EDITORIAL

On the Art of Hyperbole

I’ve been thinking about hyperbole since January 21st, and I suspect it will stay on my mind for at least the next four years. The recent images and messages from Washington, D.C., are hyperbolic in the extreme, a spectacle designed not to expand perspectives but to obliterate them. This is not the hyperbole of art, which invites us to see reality from new angles; it is hyperbole as distortion, wielded to erase multiplicity, suppress voices, and impose a singular, manufactured truth.

Nothing I say here is new or shocking, except perhaps the very subject of hyperbole itself, which so often seeks to shock its audience into reflection. Though hyperbole is most commonly associated with language, with the written or spoken word, this issue of The Pasticheur temporarily departs from that tradition. February 2025 does not include poetry or fiction. Instead, it features visual artists whose works embody hyperbole in form, scale, and meaning.

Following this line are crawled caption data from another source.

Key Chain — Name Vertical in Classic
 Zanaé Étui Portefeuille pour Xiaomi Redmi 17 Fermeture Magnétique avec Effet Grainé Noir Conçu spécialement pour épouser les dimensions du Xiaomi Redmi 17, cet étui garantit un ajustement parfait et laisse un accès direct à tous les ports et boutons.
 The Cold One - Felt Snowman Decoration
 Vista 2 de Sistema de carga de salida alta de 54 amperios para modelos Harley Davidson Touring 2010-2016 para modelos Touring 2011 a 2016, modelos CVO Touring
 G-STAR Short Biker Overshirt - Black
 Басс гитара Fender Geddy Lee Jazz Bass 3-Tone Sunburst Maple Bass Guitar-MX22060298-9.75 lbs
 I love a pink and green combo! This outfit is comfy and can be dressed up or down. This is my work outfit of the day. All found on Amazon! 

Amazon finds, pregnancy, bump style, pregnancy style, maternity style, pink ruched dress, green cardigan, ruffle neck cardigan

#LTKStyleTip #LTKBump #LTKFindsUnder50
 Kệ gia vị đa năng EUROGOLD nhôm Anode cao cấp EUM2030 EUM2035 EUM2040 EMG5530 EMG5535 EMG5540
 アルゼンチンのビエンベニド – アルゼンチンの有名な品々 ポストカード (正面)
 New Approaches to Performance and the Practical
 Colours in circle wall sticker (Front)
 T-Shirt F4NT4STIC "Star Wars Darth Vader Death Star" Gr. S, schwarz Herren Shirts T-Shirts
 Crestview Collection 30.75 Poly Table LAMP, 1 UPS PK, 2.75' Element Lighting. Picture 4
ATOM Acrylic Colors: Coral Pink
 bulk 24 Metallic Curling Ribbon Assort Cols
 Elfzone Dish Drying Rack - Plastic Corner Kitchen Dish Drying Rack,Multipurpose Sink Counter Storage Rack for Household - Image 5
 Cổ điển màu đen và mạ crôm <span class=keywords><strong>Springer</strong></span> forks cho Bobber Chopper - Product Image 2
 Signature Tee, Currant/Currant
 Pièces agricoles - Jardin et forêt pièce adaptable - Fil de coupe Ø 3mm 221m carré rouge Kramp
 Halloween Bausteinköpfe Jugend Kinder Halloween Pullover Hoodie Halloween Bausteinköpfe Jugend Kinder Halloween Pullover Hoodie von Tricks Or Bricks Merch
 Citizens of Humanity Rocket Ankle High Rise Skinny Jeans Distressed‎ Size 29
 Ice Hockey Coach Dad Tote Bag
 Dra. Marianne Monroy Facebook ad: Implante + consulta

Epistemologically, hyperbole serves to question the limits of representation and knowledge. It stretches language or, in this case, visual expression beyond the literal, confronting us with the tension between appearance and essence, subjective perception and objective reality. Consider Carol Adelman Kennedy, who, as she describes, pushes her materials beyond illusion to capture all her perceptions: light, moisture, space, unpredictable pleasure, and danger. Her surfaces function as both images and sculptural reliefs, embodying the physicality and movement of the creation. This fusion of process and product generates an almost immersive experience, challenging me to question what I am seeing and why I see it as I do.

Aesthetically, hyperbole disrupts the ordinary, making space for the sublime, the grotesque, and the uncanny. It compels audiences to grapple with complexity, ambiguity, and excess. In Steven Labadessa’s work, the force of hyperbole is immediate, yet the meaning remains uniquely personal to each observer. His art speaks to the universality of the human condition, an experience at once exaggerated and deeply intimate.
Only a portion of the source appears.